No. The robots.txt file may be read by various users. If folders or filenames of content aren't meant for the public, don't list them in the robots.txt file. It is not recommended to serve different robots.txt files based on the user agent or other attributes.
Do I have to include an allow
rule to allow crawling?
No, you do not need to include an allow
rule. All URLs are
implicitly allowed and the allow
rule is used to override
disallow
rules in the same robots.txt file.
What happens if I have a mistake in my robots.txt file or use an unsupported rule?
Web crawlers are generally very flexible and typically will not be swayed by minor mistakes in the robots.txt file. In general, the worst that can happen is that incorrect or unsupported rules will be ignored. Bear in mind though that Google can't read minds when interpreting a robots.txt file; we have to interpret the robots.txt file we fetched. That said, if you are aware of problems in your robots.txt file, they're usually easy to fix.
What program should I use to create a robots.txt file?
You can use anything that creates a valid text file. Common programs used to create robots.txt files are Notepad, TextEdit, vi, or emacs. Read more about creating robots.txt files. After creating your file, validate it using the robots.txt Tester.
If I block Google from crawling a page using a robots.txt
disallow
rule, will it disappear from search results?
Blocking Google from crawling a page is likely to remove the page from Google's index.
However, robots.txt disallow
does not guarantee that a page
will not appear in results: Google may still decide, based on external information
such as incoming links, that it is relevant and show the URL in the results. If you
wish to explicitly block a page from being indexed, use the
noindex
robots meta
tag or X-Robots-Tag
HTTP header. In this
case, don't disallow the page in robots.txt, because the page must be crawled
in order for the tag to be seen and obeyed. Learn how to
control what you share with Google
How long will it take for changes in my robots.txt file to affect my search results?
First, the cache of the robots.txt file must be refreshed (we generally cache the contents for up to one day). You can speed up this process by submitting your updated robots.txt to Google. Even after finding the change, crawling and indexing is a complicated process that can sometimes take quite some time for individual URLs, so it's impossible to give an exact timeline. Also, keep in mind that even if your robots.txt file is disallowing access to a URL, that URL may remain visible in search results despite that fact that we can't crawl it. If you wish to expedite removal of the pages you've blocked from Google, submit a removal request.
How can I temporarily suspend all crawling of my website?

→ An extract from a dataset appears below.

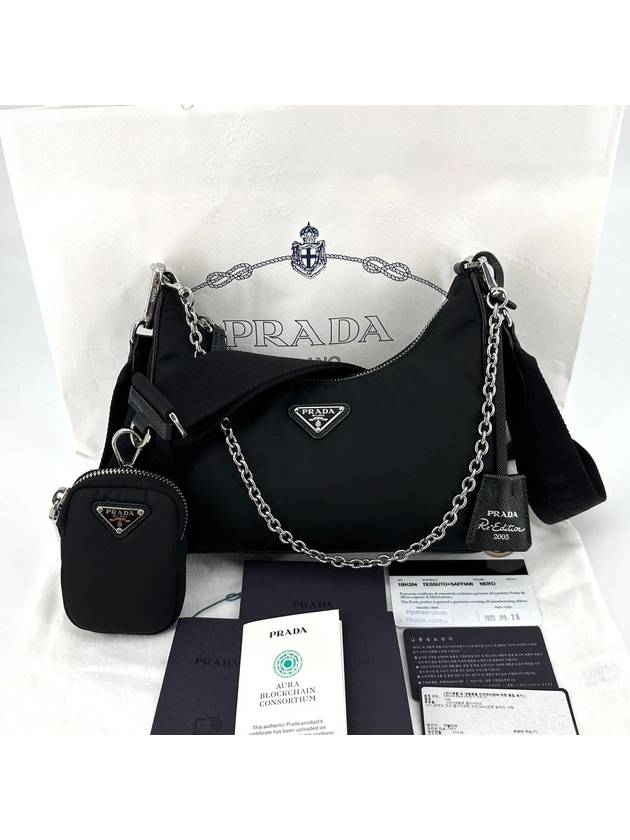 Tesuto Re Edition Multi Hobo Bag 1BH204 - PRADA - BALAAN 1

You can temporarily suspend all crawling by returning a
503 (service unavailable)
HTTP status code for all URLs, including the
robots.txt file. The robots.txt file will be retried periodically until it can be
accessed again. We do not recommend changing your robots.txt file to disallow crawling.
My server is not case-sensitive. How can I disallow crawling of some folders completely?

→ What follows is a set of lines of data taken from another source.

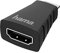 Hama Mini HDMI auf HDMI Adapter, 4K Ultra HD 60 Hz HDR (Mini-HDMI-Adapter zum Anschluss von PC, Laptop, Tablet, Kamera, Grafikkarte an Monitor, TV, Beamer, ARC Audio, HEC Ethernet, ideal fürs Gaming)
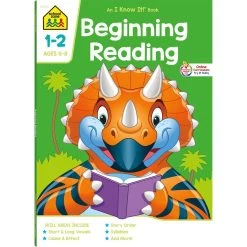 School Zone Beginning Reading Deluxe Edition Workbook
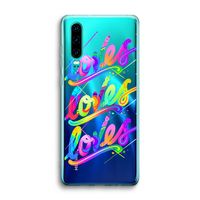 Loves: Huawei P30 Transparant Hoesje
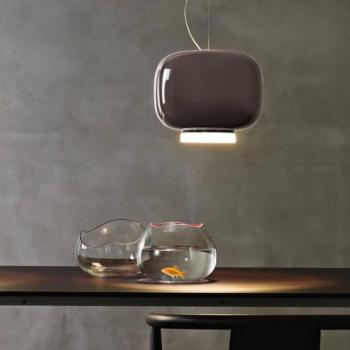 Foscarini Chouchin 3 LED függő lámpa, szürke kép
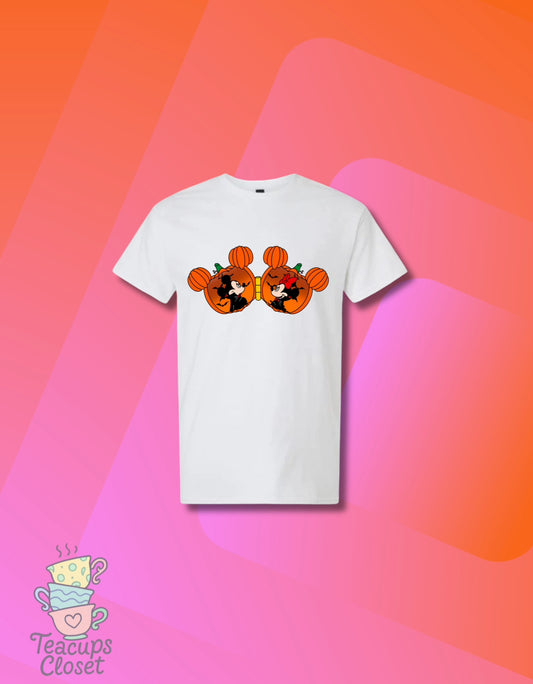 Mickey and Minnie Halloween Unisex Tee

Rules in the robots.txt file are case-sensitive. In this case, it is recommended
to make sure that only one version of the URL is indexed using
canonicalization methods.
Doing this allows you to have fewer lines in your robots.txt file, so it's easier for
you to manage it. If this isn't possible, we recommended that you list the common
combinations of the folder name, or to shorten it as much as possible, using only the
first few characters instead of the full name. For instance, instead of listing all
upper and lower-case permutations of /MyPrivateFolder
, you
could list the permutations of /MyP
(if you are certain that no other, crawlable
URLs exist with those first characters). Alternately, it may make sense to use a
robots meta
tag or X-Robots-Tag
HTTP header instead, if
crawling is not an issue.
I return 403 Forbidden
for all URLs, including the robots.txt
file. Why is the site still being crawled?
The 403 Forbidden
HTTP status code, as well as other 4xx
HTTP status codes, is interpreted as the robots.txt file doesn't exist. This means
that crawlers will generally assume that they can crawl all URLs of the website. In
order to block crawling of the website, the robots.txt must be returned with a
200 OK
HTTP status code, and must contain an appropriate
disallow
rule.
robots meta
tag questions
Is the robots meta
tag a replacement for the robots.txt file?
No. The robots.txt file controls which pages are accessed. The robots meta
tag
controls whether a page is indexed, but to see this tag the page needs to be crawled.
If crawling a page is problematic (for example, if the page causes a high load on the
server), use the robots.txt file. If it is only a matter of whether or not
a page is shown in search results, you can use the robots meta
tag.
Can the robots meta
tag be used to block a part of a page from being indexed?
No, the robots meta
tag is a page-level setting.
Can I use the robots meta
tag outside of a <head>
section?
No, the robots meta
tag needs to be in the <head>
section of a page.
Does the robots meta
tag disallow crawling?
No. Even if the robots meta
tag currently says noindex
,
we'll need to recrawl that URL occasionally to check if the meta
tag has changed.
How does the nofollow
robots meta
tag compare to the
rel="nofollow"
link attribute?
The nofollow
robots meta
tag applies to all links on a page. The
rel="nofollow"
link attribute only applies to specific links on a page.
For more information on the rel="nofollow"
link attribute, see our
documentation on
user-generated spam
and the
rel="nofollow"
.
X-Robots-Tag
HTTP header questions
How can I check the X-Robots-Tag
for a URL?
A simple way to view the server headers is to use the URL Inspection Tool feature in Google Search Console. To check the response headers of any URL, try searching for "server header checker".